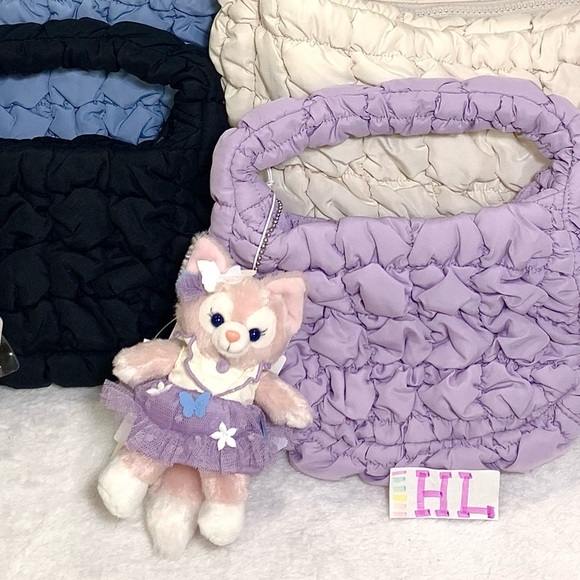 Tokyo Disney 40th Anniversary LinaBell Plush Keychain 💜 - Picture 2 of 4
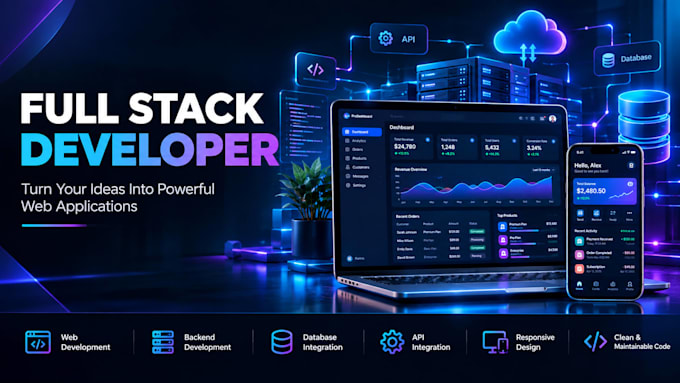 build full stack web apps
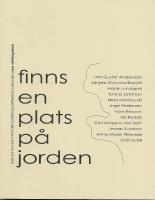 Finns en plats p&aring; jorden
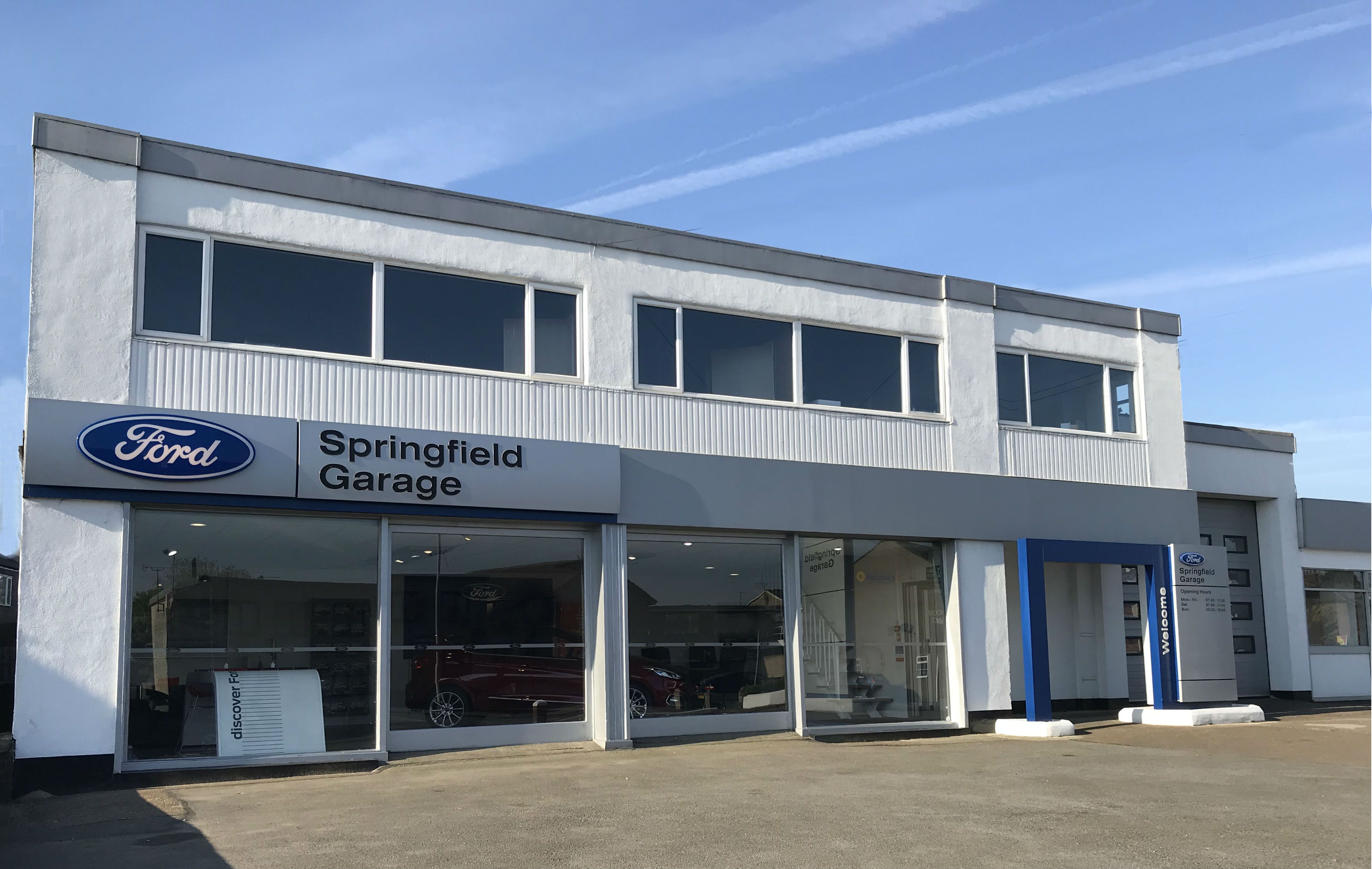 Welcome to Springfield Garage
********
» EXERCISE DETAILS:
The output has to match the data above line for line, except that pictures are dropped.

» THE COMPLETED TASK:
 Tokyo Disney 40th Anniversary LinaBell Plush Keychain 💜 - Picture 2 of 4
 build full stack web apps
 Finns en plats p&aring; jorden
 Welcome to Springfield Garage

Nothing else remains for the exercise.